To investigate how fast the iterative QA method converged, we plotted the average loss against iterations for each CASP8 MQAP (Fig. 1) and CASP9 MQAP (Fig. 2). Most methods converged in the first one or two iterations (Figs. 1 and 2). On average, it takes up to about five iterations to converge. The number of iterations depends on the quality of initial ranking. Better initial rankings require fewer iterations of refinement.

Figure 1.

The plot of the average losses against iterations for CASP8 MQAPs. The method “ModFOLDclust”10 is a full pair-wise clustering method that can serve as a baseline predictor for reference purpose.

Figure 2.

The plot of the average losses against iterations for CASP9 MQAPs. The method “MULTICOM-CLUSTER”23 is a full pair-wise clustering method that can serve as a baseline predictor for reference purpose.
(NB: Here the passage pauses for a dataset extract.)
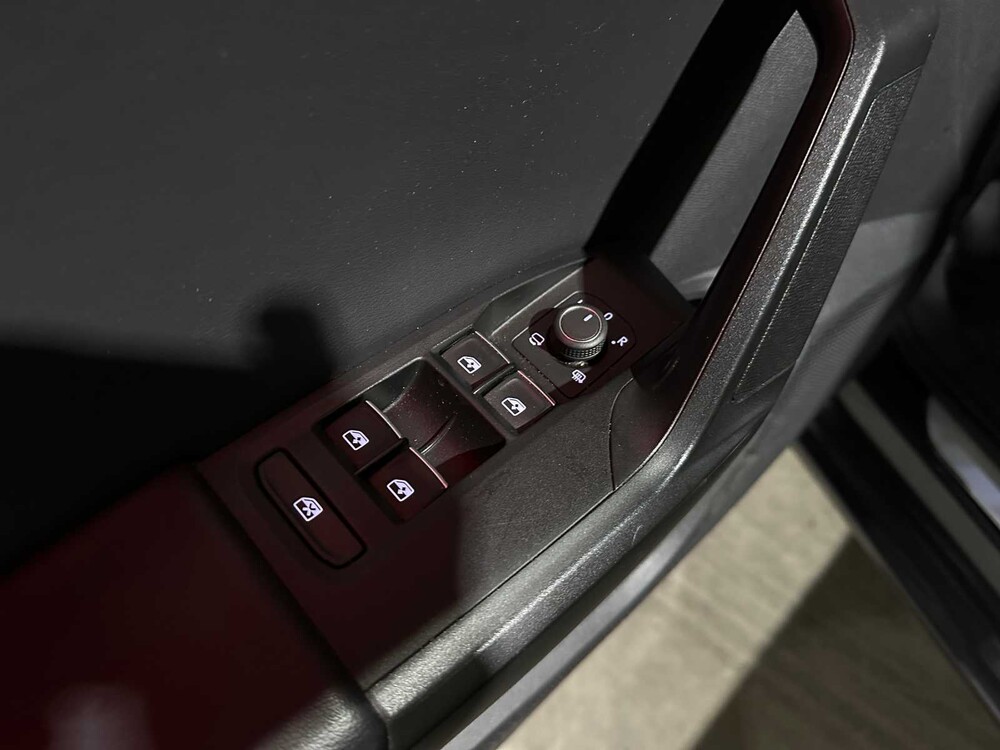 SEAT Leon 1.4 TSI eHybrid PHEV FR 150PS 2020, T-121-HL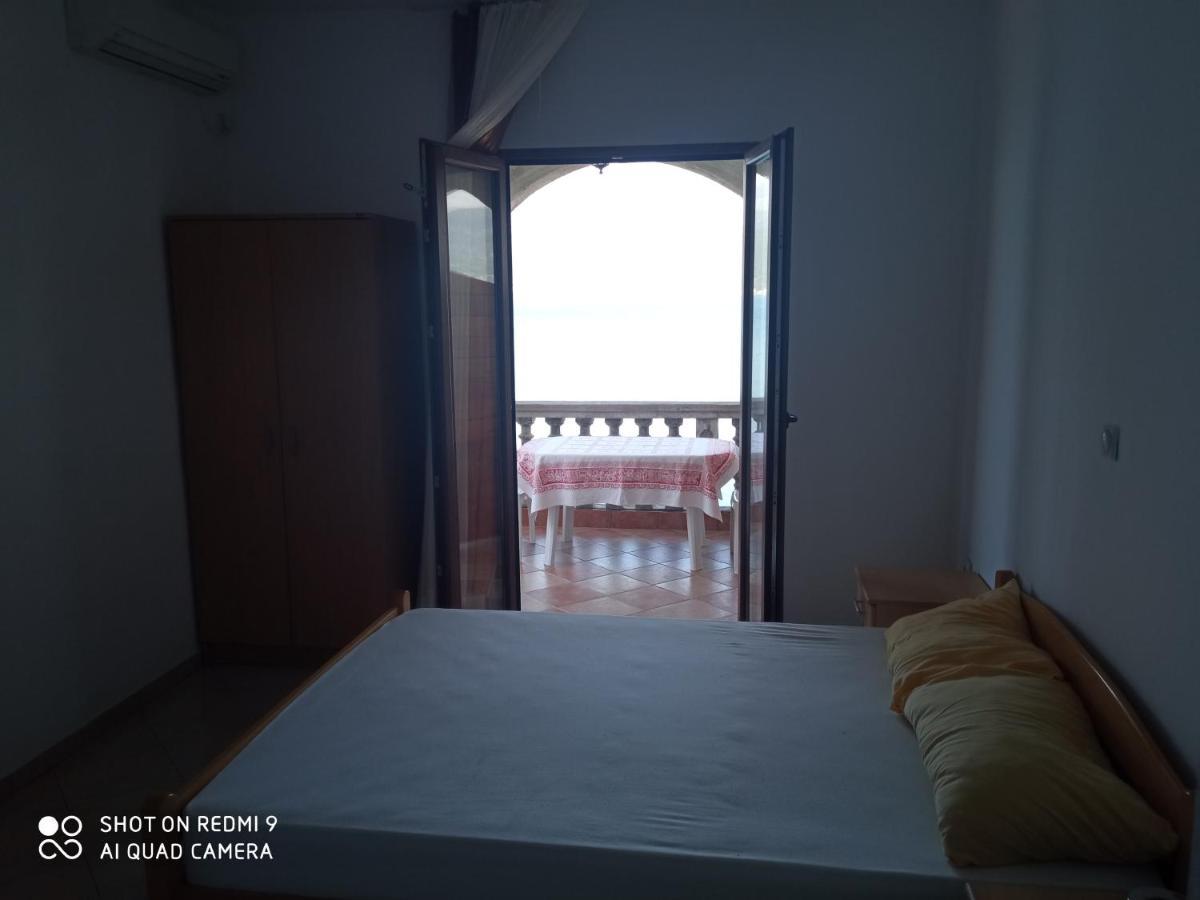 Apartments Petrovic Tivat Buitenkant foto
To investigate how “the number of reference models” influences the refinement performance and also the efficiency of our method, we created a random MQAP on CASP9 dataset (Fig. 3). The predicted model quality scores of this random MQAP were randomly generated, which had an average correlation −0.00357, an overall correlation 0.0021, and a loss 0.161 compared with the true model quality scores. Models were then initially ranked by these randomly generated quality scores. After a single iteration of refinement using top 1 ranked model as reference model, our method substantially improved the average correlation to 0.667 and the overall correlation to 0.738. Moreover, when top 3 ranked models were used as reference models, both the average correlation and overall correlation were improved to 0.814 and 0.862, respectively, after only one round of iteration. The improvement continued as the number of reference models increased and started to saturate after using 15–25 reference models. When 25 top models were used as reference models, the average correlation, overall correlation, and average loss were improved to 0.896, 0.940, and 0.067 respectively, which were much better than the initial ranking generated by the random MQAP. This performance was also close to the average correlation 0.916, overall correlation 0.947, and average loss 0.059 of a full pair-wise comparison method MULTICOM-CLUSTER,23 which was developed by our group and was ranked as one of the top MQAPs in CASP9 (see Table II).

Figure 3.

The average correlation, overall correlation, average loss, and average computational time under different numbers of reference models. This experiment was conducted on a MQAP whose predicted quality scores of CASP9 models were randomly generated. The predicted model quality scores had an average correlation of −0.0036 with the true model quality scores. Different numbers of reference models were tested under a single round of refinement.

We studied some cases in which our refinement method worked well or failed in the experiment on the random MQAP mentioned above. We found that it worked well on template-based modeling (TBM) targets whose models are largely of good quality. For example, the predictions of the random MQAP had an average correlation −0.071 on an easy TBM target T0522; and 218 out of 371 models of that target have true GDT-TS20 scores > 0.9. A GDT-TS score is a structural similarity score that ranges from 0 to 1, whereas 1 indicates the model is the same as the native structure and 0 completely different. After one round of refinement using the top one ranked model as reference model, the average correlation was improved to 0.985. In contrast, our refinement method did not work well on some of the hard targets whose models are mostly of low quality. For example, the random MQAP has an initial correlation −0.013 on the models of target T0537, which is a hard target that contains two free modeling (FM) domains. The best CASP9 model of the target has a GDT-TS score 0.32 whereas all other models have a GDT-TS score <0.3. After one round of refinement using the top-one ranked model as reference model, the correlation became −0.067. These two extreme examples may suggest that, similarly as clustering method, the iterative refinement method works better if a large portion of input models have reasonable qualities.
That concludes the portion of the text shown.